[Items from a dataset]
- Opening Delimiter -

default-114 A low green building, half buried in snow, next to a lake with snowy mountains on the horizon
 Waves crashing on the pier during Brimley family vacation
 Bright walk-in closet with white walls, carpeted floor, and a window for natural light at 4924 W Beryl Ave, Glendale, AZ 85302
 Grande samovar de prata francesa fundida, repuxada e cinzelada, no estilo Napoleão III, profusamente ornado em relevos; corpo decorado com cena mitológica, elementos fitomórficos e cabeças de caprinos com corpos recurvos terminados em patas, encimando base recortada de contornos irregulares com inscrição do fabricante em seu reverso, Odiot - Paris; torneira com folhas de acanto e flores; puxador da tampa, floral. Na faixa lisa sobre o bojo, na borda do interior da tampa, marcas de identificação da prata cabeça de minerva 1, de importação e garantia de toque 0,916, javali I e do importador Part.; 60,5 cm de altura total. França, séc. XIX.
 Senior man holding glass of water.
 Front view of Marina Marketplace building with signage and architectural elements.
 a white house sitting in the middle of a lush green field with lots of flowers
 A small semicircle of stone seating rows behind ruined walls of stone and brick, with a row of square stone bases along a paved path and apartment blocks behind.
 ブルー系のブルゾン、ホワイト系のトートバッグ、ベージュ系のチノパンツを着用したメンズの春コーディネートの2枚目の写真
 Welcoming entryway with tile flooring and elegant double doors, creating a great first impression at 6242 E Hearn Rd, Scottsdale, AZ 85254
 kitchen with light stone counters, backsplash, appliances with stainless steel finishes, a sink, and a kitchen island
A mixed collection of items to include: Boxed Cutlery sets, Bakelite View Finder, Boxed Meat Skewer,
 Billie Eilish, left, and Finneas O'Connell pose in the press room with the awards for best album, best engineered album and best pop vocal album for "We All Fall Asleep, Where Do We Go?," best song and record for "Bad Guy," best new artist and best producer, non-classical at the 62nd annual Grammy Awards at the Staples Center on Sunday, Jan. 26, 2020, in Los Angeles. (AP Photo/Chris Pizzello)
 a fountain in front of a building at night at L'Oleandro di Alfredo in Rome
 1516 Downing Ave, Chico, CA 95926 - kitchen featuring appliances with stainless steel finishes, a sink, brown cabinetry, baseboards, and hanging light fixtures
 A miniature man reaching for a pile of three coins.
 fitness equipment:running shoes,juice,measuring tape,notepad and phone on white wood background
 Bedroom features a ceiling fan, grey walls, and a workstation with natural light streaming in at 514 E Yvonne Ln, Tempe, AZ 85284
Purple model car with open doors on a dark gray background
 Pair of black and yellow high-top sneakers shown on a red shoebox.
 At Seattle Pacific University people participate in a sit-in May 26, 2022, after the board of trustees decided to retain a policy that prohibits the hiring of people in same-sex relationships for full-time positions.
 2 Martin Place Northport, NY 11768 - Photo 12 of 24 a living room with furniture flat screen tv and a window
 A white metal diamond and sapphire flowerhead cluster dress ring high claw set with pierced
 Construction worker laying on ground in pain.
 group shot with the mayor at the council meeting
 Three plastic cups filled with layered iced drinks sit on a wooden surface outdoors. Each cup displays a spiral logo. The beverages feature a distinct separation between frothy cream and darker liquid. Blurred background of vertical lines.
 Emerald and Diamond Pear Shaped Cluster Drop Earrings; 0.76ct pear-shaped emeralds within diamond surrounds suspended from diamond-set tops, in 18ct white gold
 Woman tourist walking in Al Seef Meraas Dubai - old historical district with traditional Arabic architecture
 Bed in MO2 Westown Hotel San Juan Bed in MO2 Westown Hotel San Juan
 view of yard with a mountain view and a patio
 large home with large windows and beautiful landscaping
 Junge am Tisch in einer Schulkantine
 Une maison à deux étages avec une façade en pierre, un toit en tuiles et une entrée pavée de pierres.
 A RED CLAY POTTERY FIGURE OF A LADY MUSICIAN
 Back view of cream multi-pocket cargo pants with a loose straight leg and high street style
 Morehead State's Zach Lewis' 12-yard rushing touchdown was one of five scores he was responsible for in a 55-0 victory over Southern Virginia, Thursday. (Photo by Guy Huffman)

- Closing Delimiter -

- _Task to carry out_
Where a line in the entries holds the word "natural", copy that line.

- _Solution to this exercise_
 Bright walk-in closet with white walls, carpeted floor, and a window for natural light at 4924 W Beryl Ave, Glendale, AZ 85302
 Bedroom features a ceiling fan, grey walls, and a workstation with natural light streaming in at 514 E Yvonne Ln, Tempe, AZ 85284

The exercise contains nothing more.